(EXERCISE BRIEF): After locating the line that contains "We also offer" in the material below, copy that line and each one following it, exactly, up to the last line. Pictures stay out.

(SOURCE DATA):

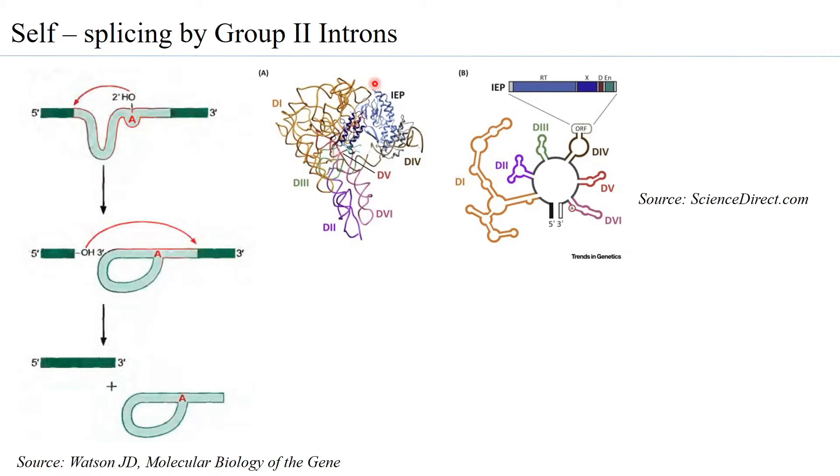Studies on the structural aspects of Group 2 introns found that they fold into a very specific and conserved secondary structure with several domains: domain 1, 2, 3, 4, 5, and 6. Of these, domains 5 and 6 are responsible for carrying out the first transesterification reaction, while the other domains are involved in the second transesterification reaction, ensuring the 3' OH end of exon 1 can carry out the nucleophilic attack on exon 2.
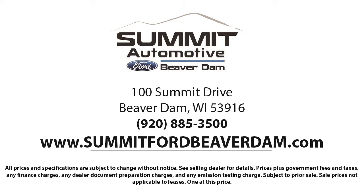We also offer full auto service and car repair, so you can get the best care for your purchase. Come see us today and experience the satisfaction that comes from being a Summit Ford customer. We're located at 100 Summit Drive in Beaver Dam.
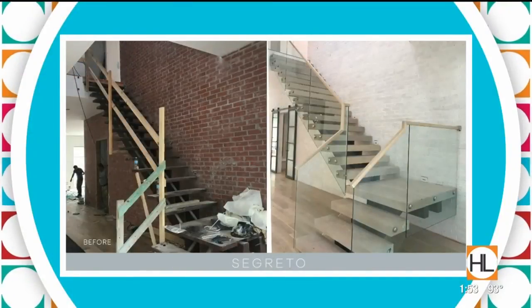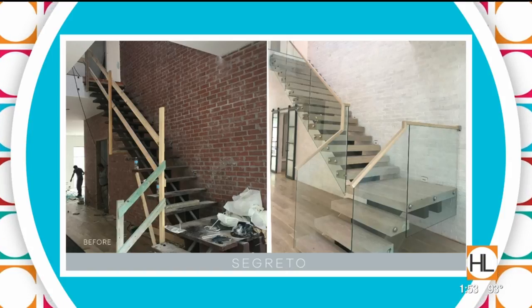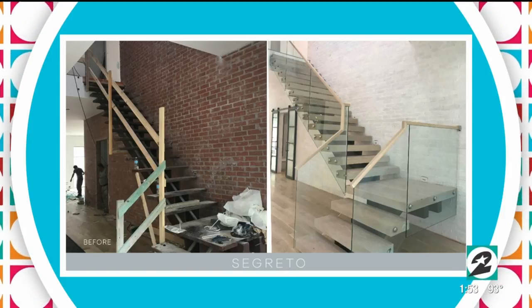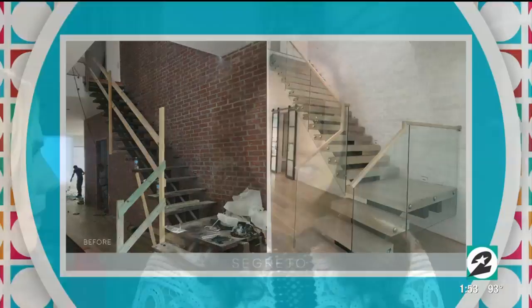Slurry is something I would hire a professional for because of the number of steps and the drying process. Look what a dramatic difference that is before and after. Especially to give it a little bit more contemporary feel — it softens the brick, makes it look a little bit more pillowed. It's just a clean, really beautiful look.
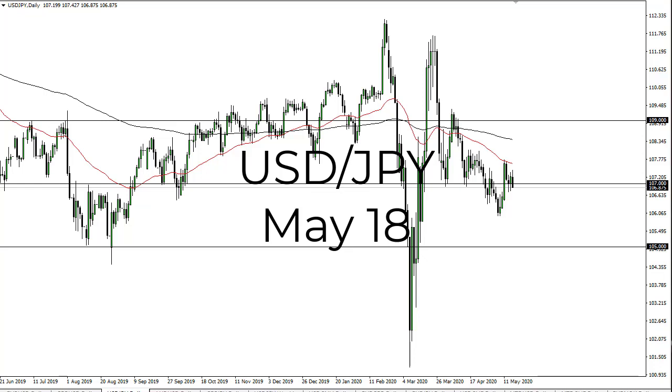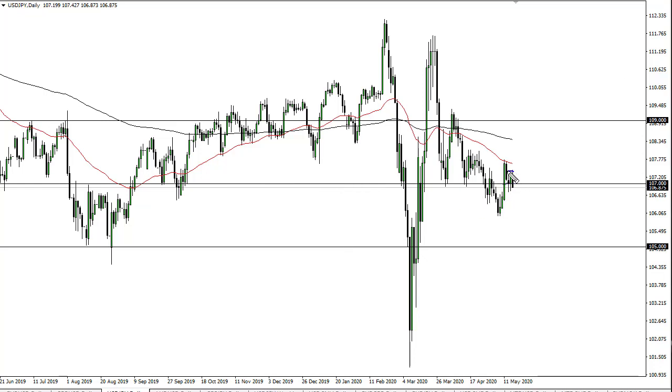From FX Umpire, this is Chris taking a look at the Dollar-Yen. As you can see, Dollar-Yen is hanging around 107, and we're going to continue to go sideways in this area, but I do favor the downside.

(YOUR SOLUTION):
We also offer full auto service and car repair, so you can get the best care for your purchase. Come see us today and experience the satisfaction that comes from being a Summit Ford customer. We're located at 100 Summit Drive in Beaver Dam.
Slurry is something I would hire a professional for because of the number of steps and the drying process. Look what a dramatic difference that is before and after. Especially to give it a little bit more contemporary feel — it softens the brick, makes it look a little bit more pillowed. It's just a clean, really beautiful look.
From FX Umpire, this is Chris taking a look at the Dollar-Yen. As you can see, Dollar-Yen is hanging around 107, and we're going to continue to go sideways in this area, but I do favor the downside.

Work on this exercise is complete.